Source data:
<<<<
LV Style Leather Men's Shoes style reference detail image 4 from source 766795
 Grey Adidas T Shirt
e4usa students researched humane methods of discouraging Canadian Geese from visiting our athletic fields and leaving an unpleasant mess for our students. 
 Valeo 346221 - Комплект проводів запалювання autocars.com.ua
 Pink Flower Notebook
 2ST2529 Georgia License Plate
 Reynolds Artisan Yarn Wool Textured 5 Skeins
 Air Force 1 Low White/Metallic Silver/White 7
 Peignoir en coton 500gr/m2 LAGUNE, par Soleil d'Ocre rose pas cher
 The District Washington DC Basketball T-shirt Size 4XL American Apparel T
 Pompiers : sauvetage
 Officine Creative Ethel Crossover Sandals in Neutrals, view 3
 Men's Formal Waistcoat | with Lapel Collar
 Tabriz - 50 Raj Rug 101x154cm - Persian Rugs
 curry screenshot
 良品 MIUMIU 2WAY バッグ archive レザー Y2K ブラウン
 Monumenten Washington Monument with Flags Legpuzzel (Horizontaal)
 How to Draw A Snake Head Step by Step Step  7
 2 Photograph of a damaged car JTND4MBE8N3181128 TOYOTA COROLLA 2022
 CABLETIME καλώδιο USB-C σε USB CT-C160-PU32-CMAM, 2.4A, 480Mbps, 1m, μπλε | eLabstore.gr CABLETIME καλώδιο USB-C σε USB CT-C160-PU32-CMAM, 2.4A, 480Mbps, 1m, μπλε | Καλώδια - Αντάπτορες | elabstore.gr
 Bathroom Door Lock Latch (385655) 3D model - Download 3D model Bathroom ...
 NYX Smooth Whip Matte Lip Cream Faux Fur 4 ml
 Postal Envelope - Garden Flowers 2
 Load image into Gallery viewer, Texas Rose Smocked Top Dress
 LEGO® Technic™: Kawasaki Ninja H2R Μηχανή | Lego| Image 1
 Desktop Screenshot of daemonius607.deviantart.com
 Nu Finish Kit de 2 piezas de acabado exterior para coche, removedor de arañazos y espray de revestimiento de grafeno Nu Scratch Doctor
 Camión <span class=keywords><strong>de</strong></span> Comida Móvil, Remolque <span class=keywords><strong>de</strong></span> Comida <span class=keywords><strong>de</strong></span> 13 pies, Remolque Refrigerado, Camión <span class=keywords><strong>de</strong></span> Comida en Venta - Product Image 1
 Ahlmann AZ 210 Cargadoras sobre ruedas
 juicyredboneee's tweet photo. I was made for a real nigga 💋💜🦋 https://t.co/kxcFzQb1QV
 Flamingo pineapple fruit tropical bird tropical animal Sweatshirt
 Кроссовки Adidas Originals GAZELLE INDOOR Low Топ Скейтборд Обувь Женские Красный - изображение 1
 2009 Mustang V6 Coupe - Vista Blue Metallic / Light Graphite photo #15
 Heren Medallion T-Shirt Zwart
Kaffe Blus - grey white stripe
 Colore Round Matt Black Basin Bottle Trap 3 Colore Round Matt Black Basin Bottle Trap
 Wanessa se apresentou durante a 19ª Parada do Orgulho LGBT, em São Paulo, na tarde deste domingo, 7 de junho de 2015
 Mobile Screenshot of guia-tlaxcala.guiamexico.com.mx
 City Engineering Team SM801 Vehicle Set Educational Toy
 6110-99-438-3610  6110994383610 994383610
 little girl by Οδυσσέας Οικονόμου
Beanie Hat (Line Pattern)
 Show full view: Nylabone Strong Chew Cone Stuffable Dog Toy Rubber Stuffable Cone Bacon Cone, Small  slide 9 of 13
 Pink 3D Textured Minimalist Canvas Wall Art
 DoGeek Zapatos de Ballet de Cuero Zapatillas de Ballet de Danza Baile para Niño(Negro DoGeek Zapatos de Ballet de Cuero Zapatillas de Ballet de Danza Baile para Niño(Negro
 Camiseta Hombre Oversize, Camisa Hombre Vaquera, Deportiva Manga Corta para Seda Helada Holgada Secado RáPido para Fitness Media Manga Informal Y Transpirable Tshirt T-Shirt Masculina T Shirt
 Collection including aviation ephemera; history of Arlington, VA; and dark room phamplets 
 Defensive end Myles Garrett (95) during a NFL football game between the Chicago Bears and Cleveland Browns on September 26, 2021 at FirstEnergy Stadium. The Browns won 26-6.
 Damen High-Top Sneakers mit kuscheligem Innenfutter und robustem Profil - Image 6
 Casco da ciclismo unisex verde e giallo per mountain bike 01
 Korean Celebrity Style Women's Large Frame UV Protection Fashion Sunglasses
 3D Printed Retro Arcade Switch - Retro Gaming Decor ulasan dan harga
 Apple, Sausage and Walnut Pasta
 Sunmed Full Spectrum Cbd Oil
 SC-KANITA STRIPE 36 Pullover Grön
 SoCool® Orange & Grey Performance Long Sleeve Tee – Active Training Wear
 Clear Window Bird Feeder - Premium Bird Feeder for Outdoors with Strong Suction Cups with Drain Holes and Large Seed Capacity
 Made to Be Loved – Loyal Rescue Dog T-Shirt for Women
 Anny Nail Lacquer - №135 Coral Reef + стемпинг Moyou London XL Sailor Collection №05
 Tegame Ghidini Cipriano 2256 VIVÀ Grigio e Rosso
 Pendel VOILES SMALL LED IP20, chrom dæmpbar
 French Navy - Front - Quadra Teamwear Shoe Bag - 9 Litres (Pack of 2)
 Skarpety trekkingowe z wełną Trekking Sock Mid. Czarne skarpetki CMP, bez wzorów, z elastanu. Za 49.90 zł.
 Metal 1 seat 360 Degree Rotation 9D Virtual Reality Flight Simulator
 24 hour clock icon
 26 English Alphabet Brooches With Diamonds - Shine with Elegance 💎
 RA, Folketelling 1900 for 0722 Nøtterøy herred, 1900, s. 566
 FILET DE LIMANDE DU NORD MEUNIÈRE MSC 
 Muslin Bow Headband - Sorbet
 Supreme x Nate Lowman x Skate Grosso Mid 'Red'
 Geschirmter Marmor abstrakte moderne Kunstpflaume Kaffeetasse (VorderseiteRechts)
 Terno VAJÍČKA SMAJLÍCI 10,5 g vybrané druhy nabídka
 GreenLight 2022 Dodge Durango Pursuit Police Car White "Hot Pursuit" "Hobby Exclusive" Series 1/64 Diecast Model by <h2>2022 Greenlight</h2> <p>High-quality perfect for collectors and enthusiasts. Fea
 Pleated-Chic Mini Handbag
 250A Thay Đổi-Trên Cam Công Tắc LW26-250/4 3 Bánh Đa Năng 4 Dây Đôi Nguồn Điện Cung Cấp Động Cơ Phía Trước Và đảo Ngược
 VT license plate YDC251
>>>>
Task details:
Give the number of lines in the records that contain the string "Women", with no other output.

Answer to this task:
2